Graphic of the Week Minimize
An irregular (probably not weekly) series of hopefully illuminating graphics relating to all things parkrun.

 


#12 Comparing Events - Revisited


 

#12 Comparing Events - Revisited


Way back in Graphic of the Week #5 I looked at a way to work out how 'fast' one parkrun is compared to another. In this edition I revisit the topic and hopefully come up with a better set of conversion factors.

First a recap

What do I mean by 'conversion factor'? - a conversion factor enables us to compare a run time at one event with a run at another. Runners often talk about how event A is quicker than event B - this could be because of relative hilliness, technicality (i.e. lots of twists and turns), surface quality (e.g. tarmac, grass or gravel), or, dare I whisper this, small differences in distance.  The conversion factor is a way to objectively quantify the combined differences. Given a run time at event A we would multiply it by the A-to-B conversion factor to give us an equivalent run time at event B.

How were the conversion factors previously calculated? - For each pair of events (obviously I need to calculate one conversion factor for each pair of events), I first got a list of all the runners who have run at both events and worked out their best times at each event; each of these runners provide one data pair, one time is divided by the other to produce that runner's own personal conversion factor for the two events, and then, I averaged the conversion factors for each of the runners to give the overall conversion factor.

But... The main problem with this method is that it doesn't adequately handle the concept of 'form'. A runners best time at event A might have been six years ago, when the runner was on absolutely tip-top form, but the same runners best at event B may only have been recently when coming back from injury; in other words we're not necessarily comparing like with like - ideally we should really only compare times if the runner is on the same form.

New and improved?

To overcome the problem mentioned above I decided to only create data pairs for runners who run at the two different events on consecutive weeks - the assumption being that it is much more likely that a runner is on the same form on consecutive weeks, and so we would be more likely to be comparing like with like. This has the downside that it eliminates many potential data pairs from our analysis because they happened at completely different times.  But on the other hand it adds (a few) compensating extra data pairs - any particular runner could theoretically alternate between event A and event B on a week by week basis contributing one additional data pair for each run into the analysis (previously they only contributed the one data pair based on their best performance).

Show me the data! Sorry, it's a bit big so I've prepared a PDF available here. The most obvious question will be "why are there so many gaps in the table?"  The answer is that I have only included conversion factors for event pairs that I am reasonably confident stand a good chance of indicating at least whether one run is faster than another.  I have set the minimum number of data pairs for a conversion factor to be included on the table at 100 (i.e. there are at least 100 instances a specific runner running at both events on two successive weeks).  To be really confident, I would want to compare 400 data pairs, and the gold standard is 1000 data pairs.  So far, Richmond Park and Bushy Park are the only two events to have enough runners attending both events on successive weeks to meet this standard.  Dark green indicates more than a thousand data pairs, light green indicates more than 400 (i.e. the high confidence conversion factors) at the other end of the confidence spectrum, light red indicates fewer than 150 and dark red indicates fewer than 120. Plain white represents all the moderate confidence factors with between 150 and 400 data pairs.  Empty cells indicate that not enough (if any) runners have attended both events to be at all confident about the results, and if your event is missing that indicates that not enough of your local runners have got out and about to any other runs (or had visitors from elsewhere) in significant numbers yet - at least not on successive weeks.

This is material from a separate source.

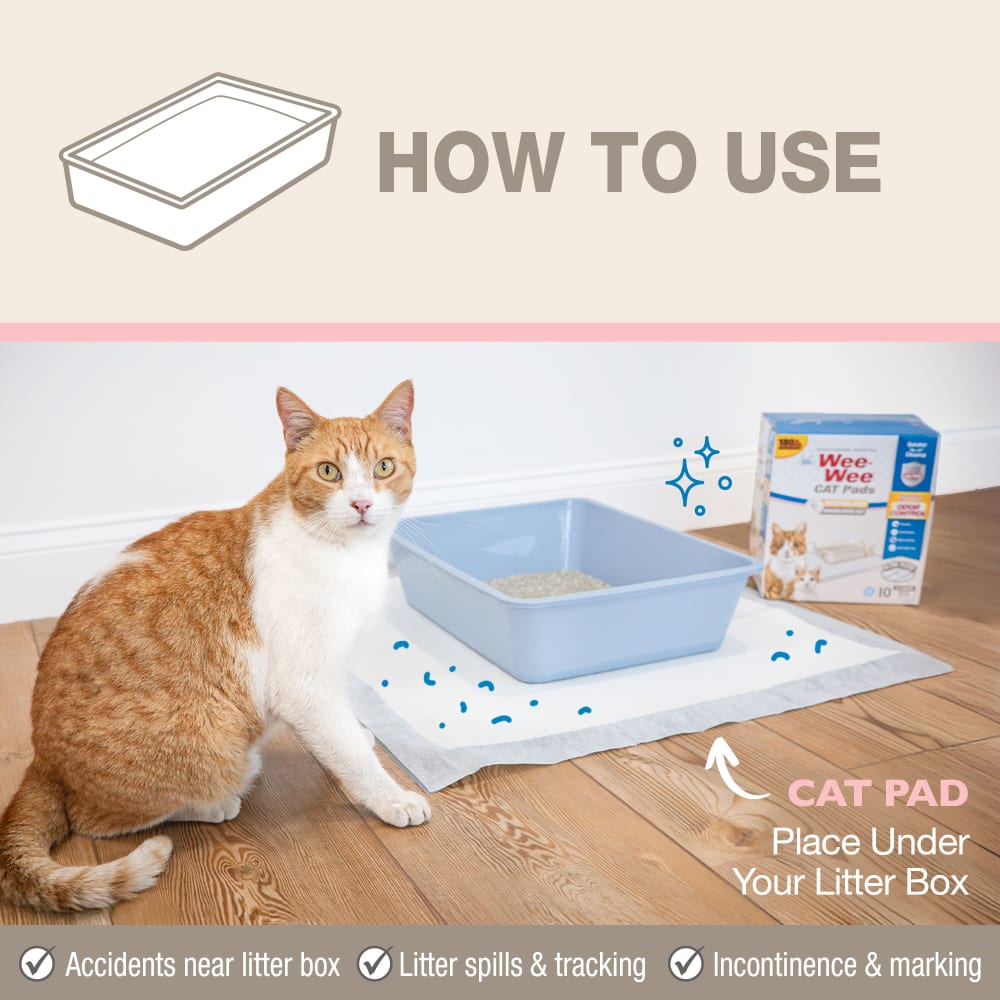 fp-cat-pads-xl-how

How to use the table - At a basic level you can tell whether one event is faster than another. The percentages indicate how much faster or slower the event at the top (FROM) is compared with the event at the left (TO).  If  the value is 100% then the two events are exactly the same speed.  If the value is greater than 100% then the FROM event is faster than the TO event, and if less than 100% it's slower.

Let's take an example - say you've just run at Strathclyde parkrun in 25:37 and want to know what the equivalent performance would be at Glasgow parkrun.  It's easier if we convert the time to seconds: 25:37 is 1537 seconds. Next look up Strathclyde along the top of the table under FROM, find Glasgow at the right hand side next to TO (we're converting from Strathclyde to Glasgow) and where the Strathclyde column and Glasgow row meet is the figure 102.8% - we multiply the 1537 by this conversion factor to give 1580 seconds or  26:20. In other words on the same form you would expect to take an extra 43 seconds to run Glasgow parkrun (faster runners would have fewer seconds difference, slower runners more - you need to run the calculation for each run time).  The pale green of the box means that at least 400 data pairs contributed to the calculation of the conversion factor and so we can be pretty confident about the conversion.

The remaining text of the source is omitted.